Syrtlanov, who served almost 40 years as an officer and
participated in Russian military operations in seven “hot spots,” says he draws
that conclusion “not from any little book” but rather from his personal
experience.
At
least some of the rising divorce rate in Russia, one in which now every other
marriage dissolves among the young, is at least in part a reflection of the
requirement that many men are forced to move often or go off to fight and are
not at home to help their wives and children, the retired colonel continues.

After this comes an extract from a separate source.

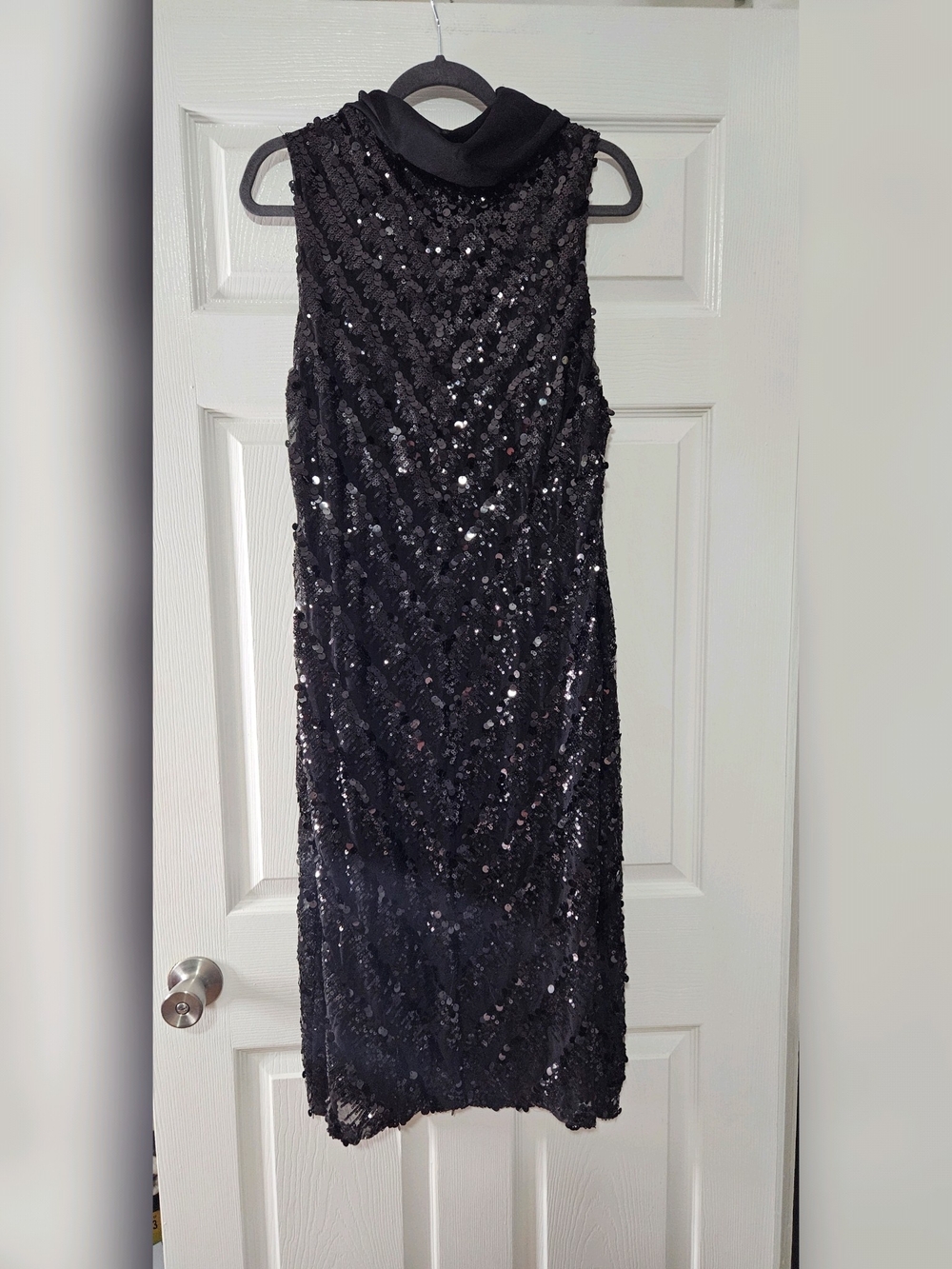 Premier Black Sequin Midi Dress with Cowl Neck Size 16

And those who die in combat leave behind widows and orphans.
“Into
which category of losses should the widowhood of warrior internationalists,
medal winners, and simple Russian soldiers be put?” he asks. But perhaps the
greatest victims are the children left without fathers as a result of these
conflicts, children who are now asked to grow up without the government even
being willing to talk about how their fathers died.
Ethnic
Russians abroad can see this, and one Russian relative of his in Kazakhstan
said she decided that she wouldn’t take Russian citizenship and move to the
Russian Federation, because there “you have war after war” and her sons would
undoubtedly be called up to serve and possibly die. That too involves human
losses and has demographic consequences.
Every
year some 200,000 to 220,000 young people become “social orphans” when their
parents divorce or when one of them deserts the family or his killed in battle,
Syrtlanov says. And “almost 700,000 children at present” are in orphanages of
one kind another – a figure that means “that every fifth child in the country”

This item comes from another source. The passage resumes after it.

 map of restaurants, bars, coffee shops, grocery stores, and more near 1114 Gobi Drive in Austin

is in them rather than at home in a family.
These
figures are “twice as large as after the Great Fatherland War,” the retired
colonel says, and they do not include the additional horror that today, as many
as five to seven million Russian children are living on the streets as “bezprizorniki,”
who seldom go to school and often turn to drugs and crime.
They
too are the collateral damage of Russia’s wars.